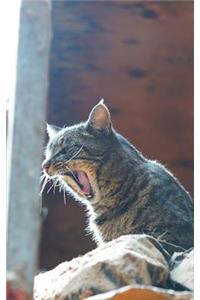 Kid's Petite Barn Cat Journal - Volume Two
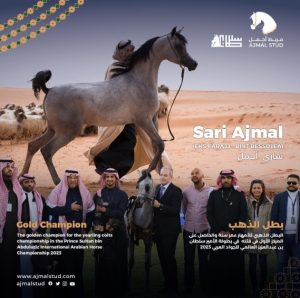 بوابة الخيل  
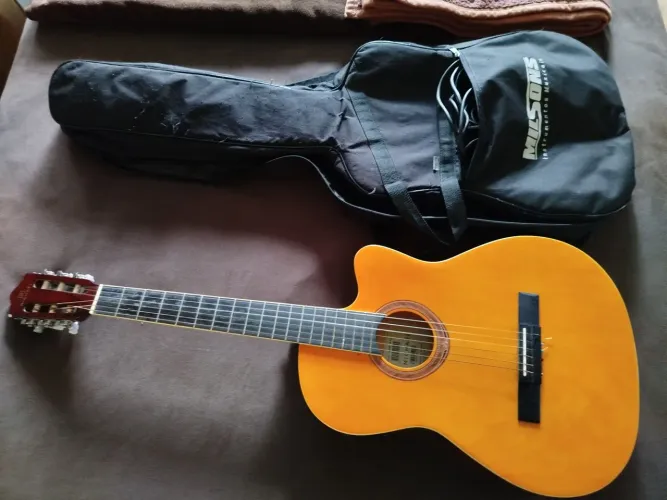 Vendo violão elétrico Michel + Case 
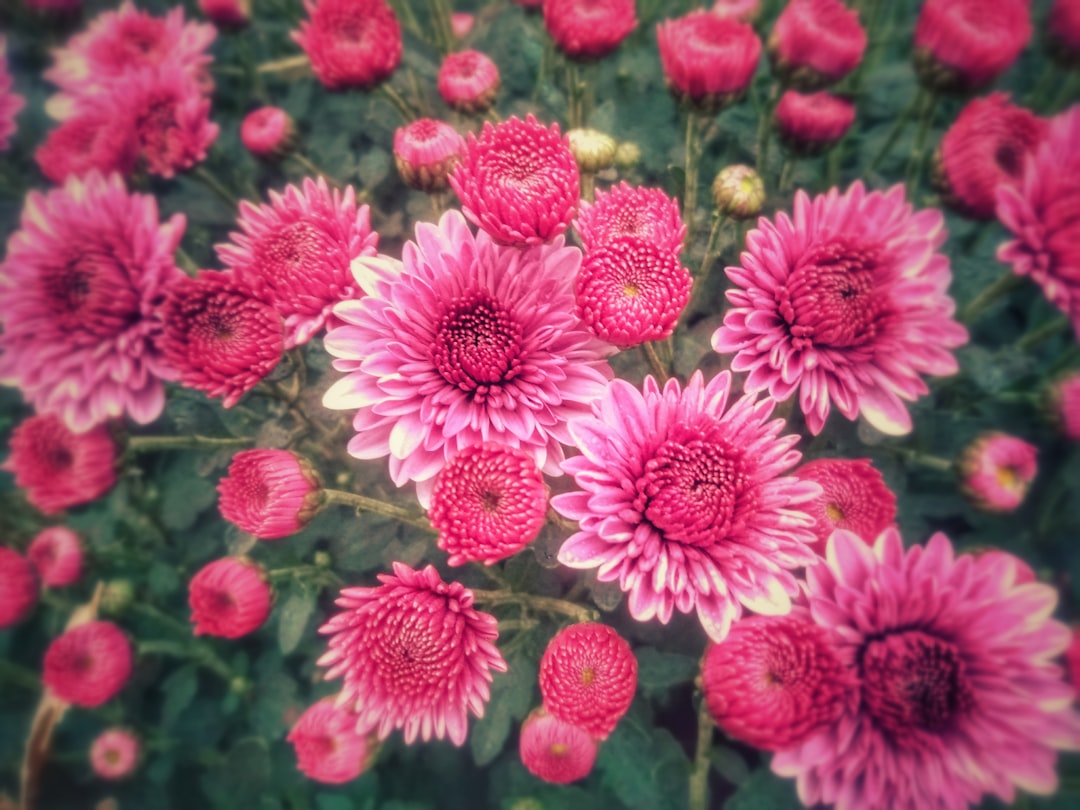 Chrysanthemum.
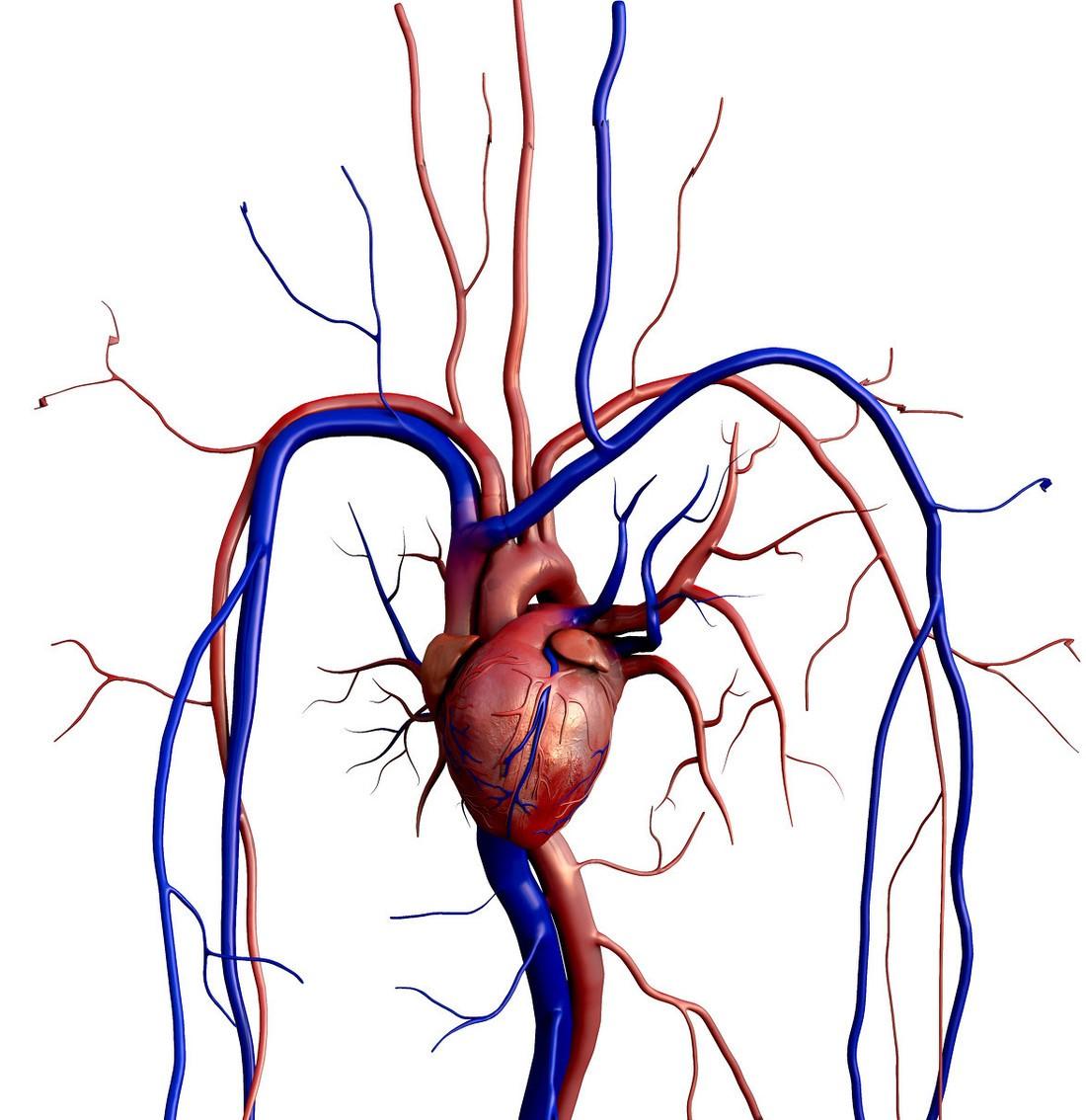 高压130低压100怎样快速降下来,高压130低压100正常吗但没症状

────────────────

The expected output is every line from the line where "Vendo violão elétrico Michel + Case" appears to the final line of the material, unchanged and with no pictures.

 Vendo violão elétrico Michel + Case 
 Chrysanthemum.
 高压130低压100怎样快速降下来,高压130低压100正常吗但没症状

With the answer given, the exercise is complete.